Opinión

La cultura de la deshonestidad

La cultura de la deshonestidad

En febrero de 2007, la puesta en marcha del Transantiago generó una hecatombe social; súbitamente, las fallas estructurales del nuevo sistema de transporte público dejaron a los habitantes de la Región Metropolitana sin locomoción, con calles y paraderos atestados. Fueron meses de estrés e indignación generalizada, pero, en medio de la crisis, el primer gobierno de Michelle Bachelet tuvo una idea genial: validar que las personas pudieran subirse a la micro sin pagar. Fue el primer hito de la deshonestidad fomentada con intenciones políticas. Se había puesto la semilla de una “cultura de la evasión”, fomentada desde el Estado. Casi veinte años después, quienes no pagan su viaje rondan el 40% de los usuarios.

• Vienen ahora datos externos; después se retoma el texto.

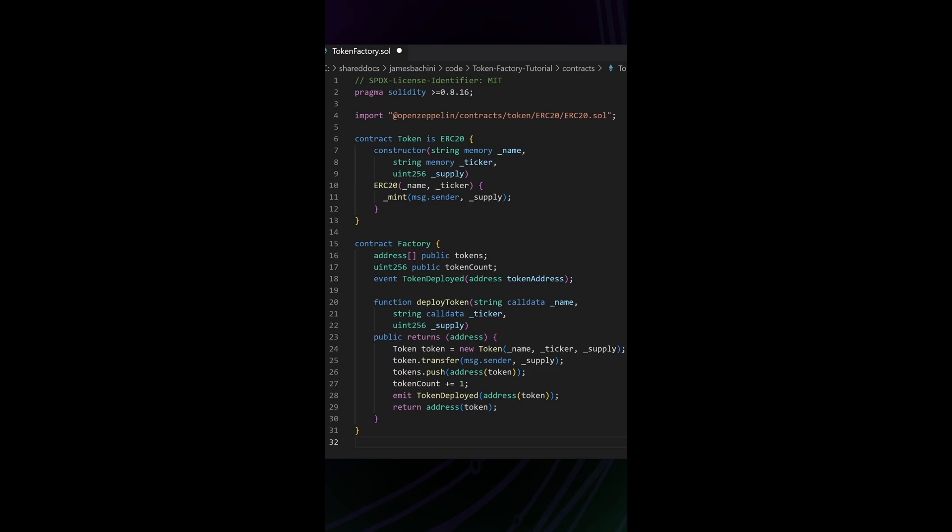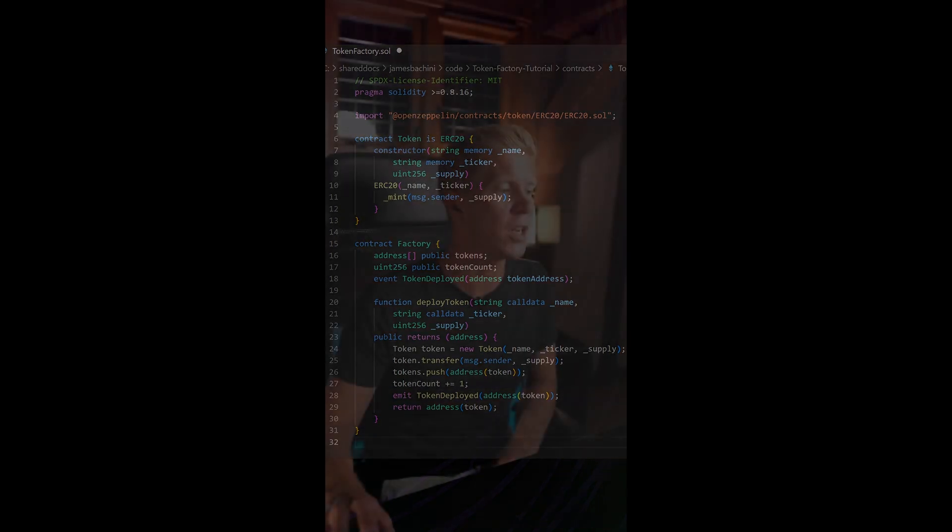We then push the token address to the array, increase the count, and emit the token deployed event, finally returning the token contract address to the user.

A partir del 2010, la oposición a Sebastián Piñera hizo de la denuncia sobre las desigualdades y los abusos una importante bandera. Vivíamos en una sociedad injusta, donde los privilegios estaban concentrados en una pequeña élite, que había llegado ahí en base al abuso. No solo teníamos empresarios que se coludían violando la ley, había industrias como las AFP y las Isapres cuya existencia se fundaba en hacer trampa. El mensaje implícito rápidamente empezó a cristalizar: si los ricos abusan y violan la ley, ¿por qué no podemos todos hacer lo mismo? La cultura de la deshonestidad pasaba a transformarse en una respuesta política ante las injusticias del “modelo”.

En el camino, la izquierda y la centroizquierda instalaron en el imaginario colectivo otra bandera relevante: la gratuidad, los derechos sociales eran universales y debían estar garantizados por el Estado; los recursos públicos tenían que financiarlos sin importar el cómo. Se inició entonces la sangría de la regla fiscal, empezamos a vivir en un país donde los ingresos permanentes ya no alcanzaban para financiar gastos permanentes. Así, otro mensaje quedaba dispuesto: los recursos públicos no importan, la gente siempre tiene derecho a exigir más y, en una sociedad donde reina el abuso de los poderosos, no hay dilema ético en que esos recursos se obtengan haciendo trampa.

Ahora tenemos la posibilidad de observar las consecuencias de esta cultura de la deshonestidad, fomentada como respuesta a las inequidades y las injusticias. Decenas de miles de empleados públicos que, sin ruborizarse, roban recursos fiscales a través de licencias médicas falsas; una práctica generalizada y de hace mucho tiempo, pero que, con la anomia y el desbande ético de los últimos años, ha superado cualquier límite, incluso el de viajar al extranjero durante el reposo. ¿Boleta o factura?, preguntan con toda naturalidad en restoranes y supermercados. Otra metonimia del Chile actual, un país donde hacer trampa, robarle al Estado, saltarse los torniquetes, violar la ley, no solo son conductas normalizadas sino, para muchos, casi un acto legítimo de resistencia.

Y ahí estamos, en la plenitud de ese abismo, creyendo que, con algún ajuste legal o una nueva comisión de gobierno, esto podría revertirse.